This is the tale of my M.O.C.D. Well, it’s not actually a tale, those stories are fantasies with swirling dragon tails, talking cats in little black boots, and mermaids. Oh how I wish this was about mermaids. This is an account of my near onset of Obsessive Compulsive Disorder, a manifestation directed at mayonnaise. For this is why I’m naming it Mayo Obsessive Compulsive Disorder.
Mayo, it wasn’t your fault. I forgave you years ago. If I hadn’t, nobody would have wanted to live with me, or try to make a sandwich in my kitchen.
My friend and roommate, who was studying the strange things our brains do, saw flecks of trouble in me early on. I was blinded by it, I thought everyone else was crazy. They could not understand that the knife for the butter had no business being in the mayo container. And, coincidently, the knife used to scoop mayo out of its vessel was never allowed in the butter. It’s cross-contamination and just gross. My friend pleaded with me “You eat the sandwich that has butter and mayo, why can’t you use a single knife?”
You will contaminate the mayo.
I was so animatedly convinced that the mayo would turn a ghastly green colour overnight in the fridge if a dirty knife was ever stuck inside it. My tuna on wheat for lunch and dinner would be rendered mayo-less or risk ingesting the hairy green infested mayo at my next meal. (OK, this is slightly exaggerating but that feeling of disgust you have right now after reading it? THAT is how I felt.)
I lived with her and my dear Granny. Granny needed someone around in the event she fell or could not bare to make a meal for herself. She was the first person I ever cooked for. Cooking for me back then, at 18, was a pot roast or mac’n’cheese, pasta with meat sauce, and tuna on wheat with mayo and relish. The latter being quite frequent. I didn’t worry so much about Granny mixing up the butter knife with the mayo knife, she didn’t care for it.

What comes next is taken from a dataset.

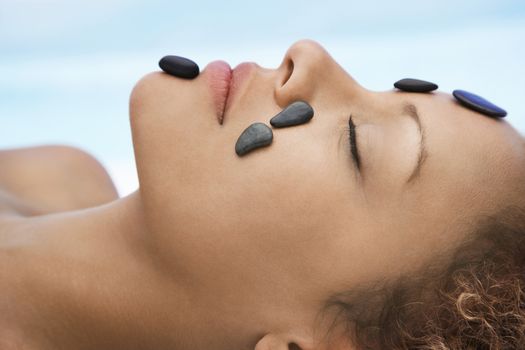 Woman receiving hot stone therapy head and shoulders close-up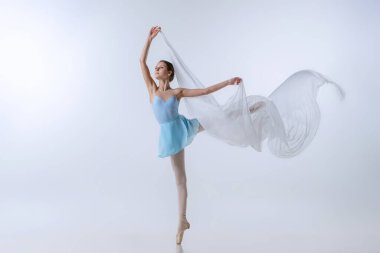 Güzel bir genç kız, mavi elbiseli ve gri arka planda izole edilmiş kumaşla dans eden hevesli bir balerin. Sanat, zarafet, güzellik, bale okulu konsepti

The debacle continued. I made more friends at school. Friends came over to study and do homework. Friends came for dinner. Friends were lectured on the appropriate use of mayo while assembling burgers. Friends were amused. I was not.
Winter came hard and fast, typical of Canadian weather. My birthday often coincided with the coming of the tenth circle of winter hell. I was born in a blizzard. My roommate and one of our friends had a gift for me. I remember a narrow long present, I unwrapped it and was perplexed. It was two butter knives welded together at their butts. Ninja butter knife? I stood with a blank stare on my face, head cocked to the side like a puppy wondering when you’re going to drop the ball.
“It’s a butter and mayo knife!”
I realized how insanely funny they thought I was. I went with it, I even used it for a while. It’s lost now, unless it’s hiding in one of the bins in the garage that I refuse to throw away.
And what about other contaminants? I get equally squirrely about cleaning up the chopping board and knife before, during and after preparing dinner. There is a sensible motivation behind it now. There are small children in our home and their veggies are not chopped in same place or with the same knife as the chicken breasts or beef steaks. It’s OCD isn’t it?